The IPCC rose to prominence because people with clear bias were appointed to key positions where they could influence the development of the entire organization. Bert Bolin, the first chairman of the IPCC was already heavily committed to the notion of manmade warming having worked previously for the UNEP, WMO, the Brundtland Report, the SCOPE 29 report (on which the first IPCC report was largely based) and, very crucially, having documented that the Villach conference reached a consensus that manmade emissions of carbon dioxide were to blame for variations in climate. John Houghton, the first chairman of the IPCC working group that attributes blame for climate change, was assisted in his assertions by his staff at the UK Met Office and by a very supportive UK government.

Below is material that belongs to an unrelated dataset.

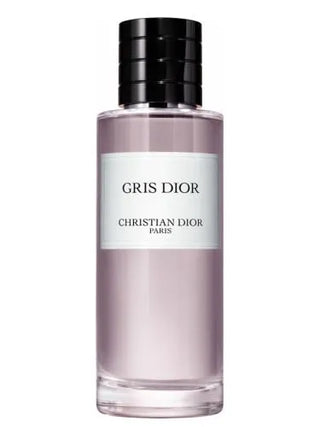 Dior Gris EDP Unisex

The other key factor for the IPCC was the adoption of the UNEP’s methods of coercing governments and the general public. Those methods included (a) the use of the environmentalists’ catch-all the “precautionary principle”, (b) a penchant for creating models based on partially complete scientific understanding and then citing the output of those models as evidence, (c) the politicisation of science through the implied claim that consensus determines scientific truth, (d) the use of strong personalities and people of influence, and (e) the manipulation of the media and public opinion. Directly and indirectly these methods greatly influenced political parties whether they held government or not
None of these UNEP techniques provide scientific justification of the IPCC’s principal claim, which considered dispassionately is very weak. Not only is it based on the output of climate models, that the IPCC shows us are built according to incomplete knowledge and therefore cannot be accurate, but also on the opinions of those who use such models as if somehow the models were credible and scientific truth should be determined by consensus and opinion.
It is long overdue that the IPCC was called for what it is – a political body driven not by the evidence that it pretends exists but by the beliefs and philosophies of the UNEP, the IPCC’s sponsor, and by the initial holders of key IPCC positions.

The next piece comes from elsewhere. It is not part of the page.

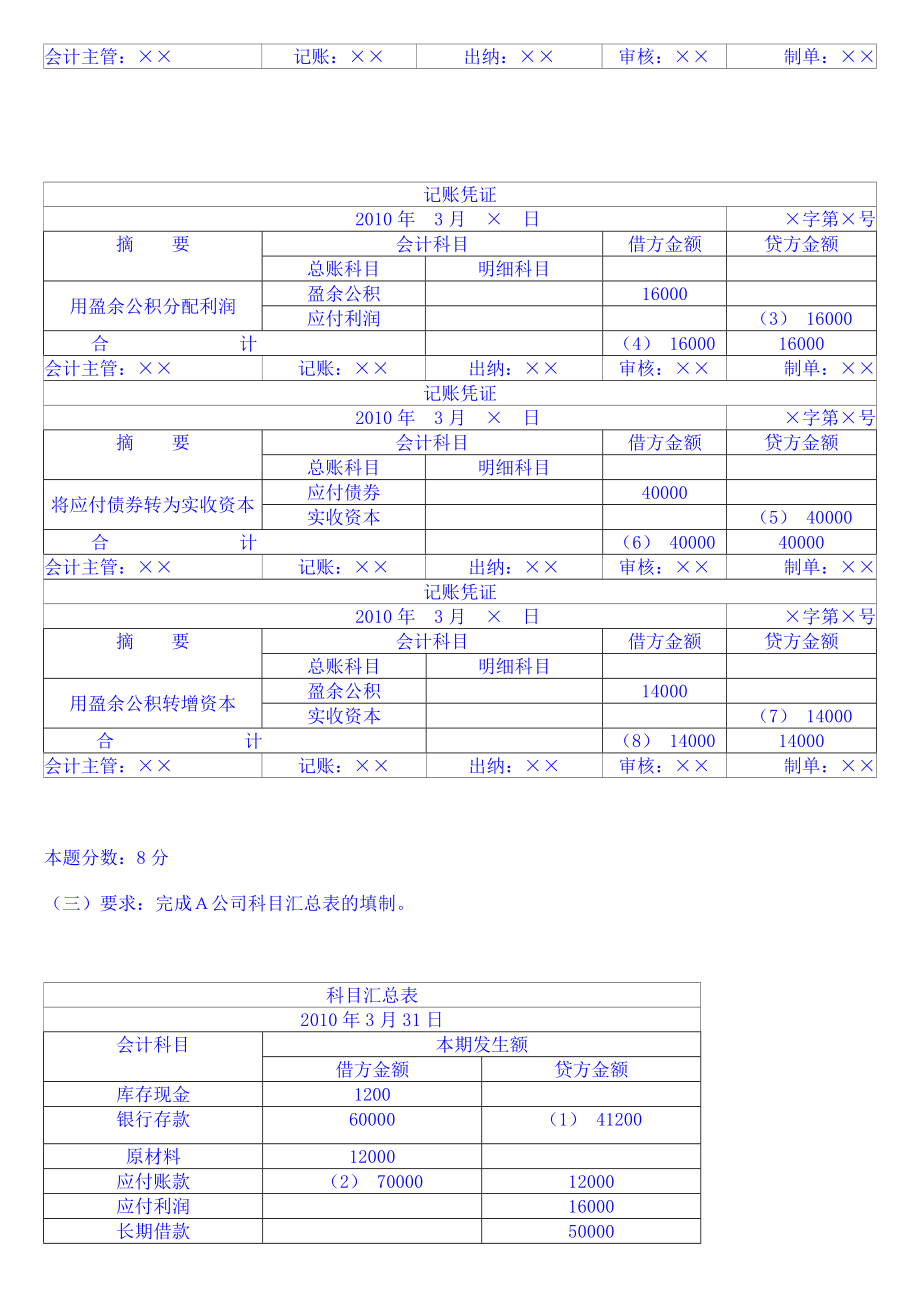 会计基础综合练习题.doc_第2页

Since the publication of its Fourth Assessment Report, the Intergovernmental Panel on Climate Change (IPCC) has been severely criticized by several writers, myself included. These writers have highlighted the IPCC’s use of questionable data, weak evidence, wild assertions, failure to abide by its own procedures, distortion of the normal peer review process, mendacious statements of some of its senior people and, overall, its attitude of advocacy and the continued defence of a dubious and discredited hypothesis.
To understand how these attitudes became an integral part of the IPCC we need to look at the influence of its two sponsoring organizations on both the creation of the IPCC and its ongoing operations.
One sponsor is the World Meteorological Organization (WMO), a body whose focus until recently was on the observation and measurement of meteorological phenomenon; the other is the United Nations Environment Programme (UNEP), whose position on several subjects has been tantamount to activism and whose advocacy on key issues has been subsequently proven to be exaggerated, doubtful or downright wrong.
The roots of the IPCC can be traced back to a conference in Villach, Austria, in 1980, hosted by the WMO, UNEP and the International Council of Scientific Unions (ICSU), with the aim of providing a “carefully prepared scientific assessment of the CO2 question to provide them with guidance in their future activities and advice to nations”. According to Franz1, this conference concluded that the scientific uncertainties were so significant that no CO2 management plan could be proposed.